Blinders in Reviewing a COI Can Lead to a Binder on the Part of the Insurer

Written by: Beth Kanik, Esq.

Merriam Webster  defines a “binder” as a person or a machine that holds something together. In 2019, the Washington Supreme Court in an en banc opinion expanded that definition to apply to a certificate of insurance (“COI”) In so doing,  the certificate holder was qualified as an additional insured when language in the actual policy never said as such and language in the actual COI disclaimed any such intent.  This opinion is noteworthy because it is largely devoid of support from other courts, including those within its own (Ninth) Circuit.
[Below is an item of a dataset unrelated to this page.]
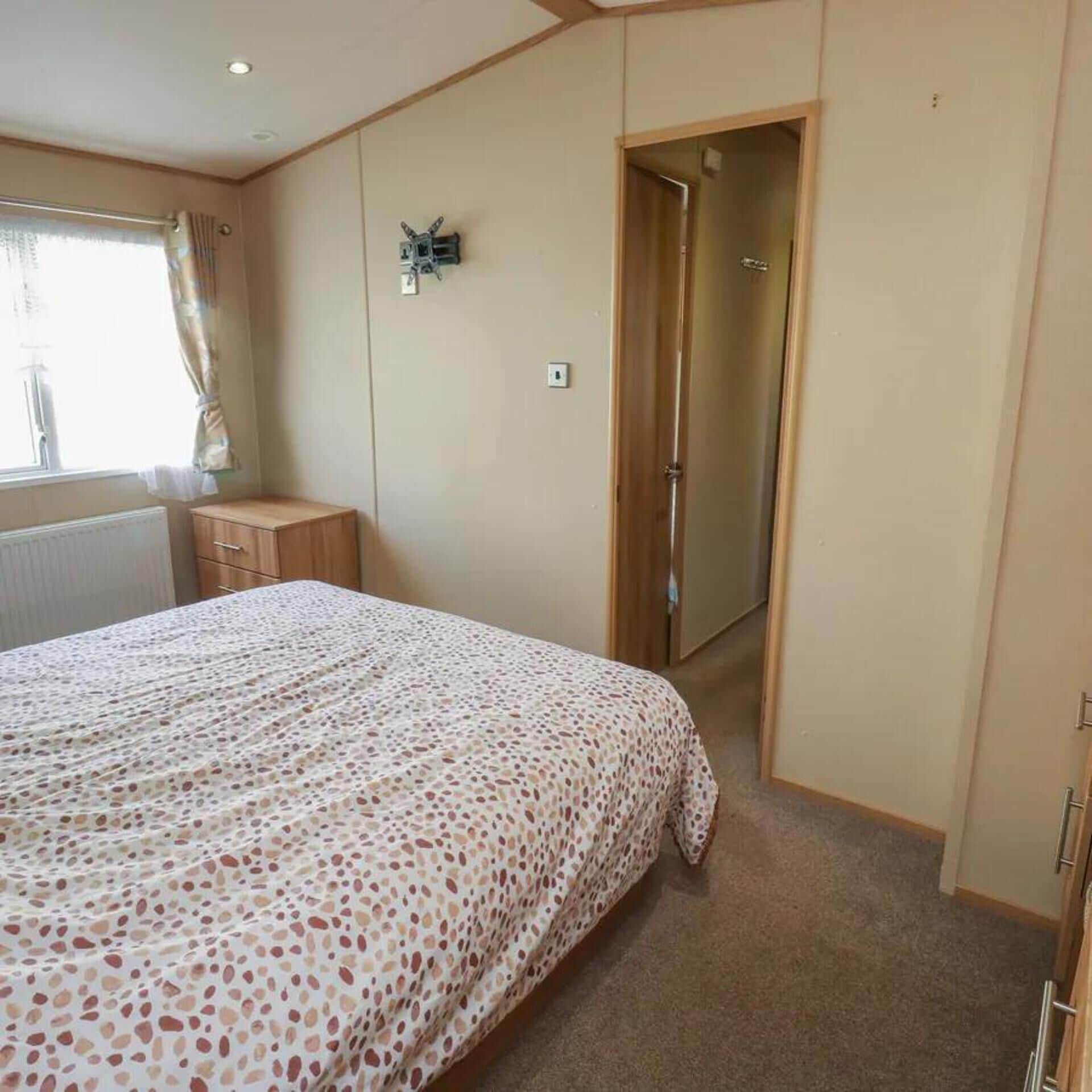 Une chambre à coucher comprenant un lit, une table de chevet, une armoire et une porte donnant sur une autre pièce.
Although it can be argued that this opinion is no more than an outlier, potential exists for an insurer to be bound by what is stated in a COI, policy language to the contrary.  An insurer who acts with “blinders” on in reviewing its own COI may well find itself bound.
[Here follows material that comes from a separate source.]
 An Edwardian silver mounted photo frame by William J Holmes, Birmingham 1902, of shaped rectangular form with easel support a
In T-Mobile USA Inc. v. Selective Insurance Co., 96500-5 (October 10, 2019), a COI was found controlling over an insurance policy that did not, by its explicit terms, cover T-Mobile USA.  The Court’s opinion relied on the representation made by an insurance agent to T-Mobile USA that the COI provided coverage although the language on the COI clearly stated that it did not confer any rights or amend, extend or alter the terms of the Policy.  The Court  ignored the sophistication of T-Mobile USA in focusing on what it characterized as “reasonable reliance” by T-Mobile USA .

The sole question before the Supreme Court in Washington was, “ Under Washington law, is an insurer bound by representations made by its authorized agent in a COI with respect to a party’s status as an additional insured under a policy issued by the insurer, when the COI includes language disclaiming its authority and ability to expand coverage?”

The Court said yes, because: a) T-Mobile USA showed that it had an objectively reasonable belief that the agent who had the authority to issue the COI necessarily made its reliance on the COI reasonable; b) the COI was a preprinted disclaimer which was ineffective whereas the additional insured statement had been specifically written into the COI; c)  an agent’s authorized or apparently authorized representation takes precedence; and d) public policy confirms the enforcement of the Agent’s representations because it acts as incentive for the Principal (Selective)to  ensure that the Agent’s representations are true.

The dissent identified the COI as an informational document only which cannot supplant a policy that not award coverage.  “In other words, because the insurance policy did not recognize T-Mobile USA as an additional insured, the certificates of insurance have no effect on T-Mobile USA’s coverage.” In response to the reliance argument on the declaration by the agent, the dissent referred to the disclaimers on the COI as well as T-Mobile USA’s extensive experience as contrary to the “reasonableness” of their actions.